Cela étant posé sur la nappe pleine de taches, Sheller - c’est sûr – est plus modeste, plus introverti, moins star, moins fou qu’Elton, mais à part ça, j’vois pas de différences himalayesques. Il est lui aussi un fabuleux mélodiste et un bien tendre raconteur de jolies histoires. Je me dis tout ça en écoutant son double album William Sheller-enregistrement public Olympia82- (Philips 6622035) et les trois beignes qui saluent ses chansons –oui, je sais, les gens du métier étaient nombreux dans la salle et quand on est invité, ça fait plouc d’aplaudir-. Mais c’est râlant.
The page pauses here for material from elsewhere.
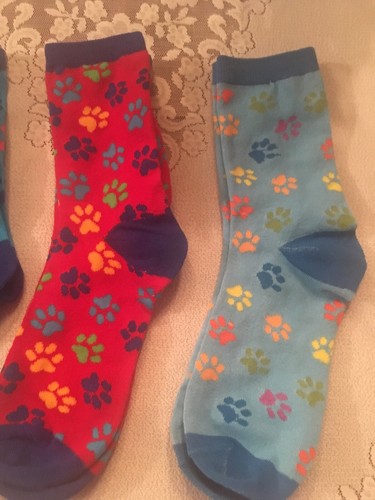 Lot of 4 Pairs of Colorful Size 9-11 Socks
Râlant, parce qu’il y a sur ce double de vraies merveilles -Un endroit pour vivre, Oh ! j’cours tout seul, Petit comme un caillou, Nicolas, Le Carnet à spirale- Des chansons ravissantes, pudiques, tendres, drôles. un piano grave et mélancolique mais prêt à se cabrer sous les doigts-fouets de son maître. Un réjouissant quartet à cordes. Le sax aérien et « sanbornien » de Patrick Bourgoin. De formidables musiciens comme Bernard Torelli, Jacky Arconte, Kako Bessot et Stéphane Ianora. Mais que voulez-vous, un bassiste qui se nomme Dupont, ça fait pas sérieux : comment voulez-vous avoir l’air branché en sortant un nom pareil à la radio, hein ? Merde, réveillons-nous. Ne laissons pas crever d’indifférence des mecs comme Sheller. N’attendons pas qu’il soit allé faire trois tubes sur Santa Monica Boul’vard. Ah ! Ce jour-là, Rock en folie lui fera une couverture en quadri. En attendant, on laisse aller, c’est un tango. Quelques passages radio, de temps en temps un mini-tube, et puis on retombe [dans la] routine. Moi, ça m’embête. Pis, ça me gonfle et je suis déjà bien assez gros comme ça. Si on se battait un peu, tous, pour que Sheller soit enfin entendu ? Et écouté ?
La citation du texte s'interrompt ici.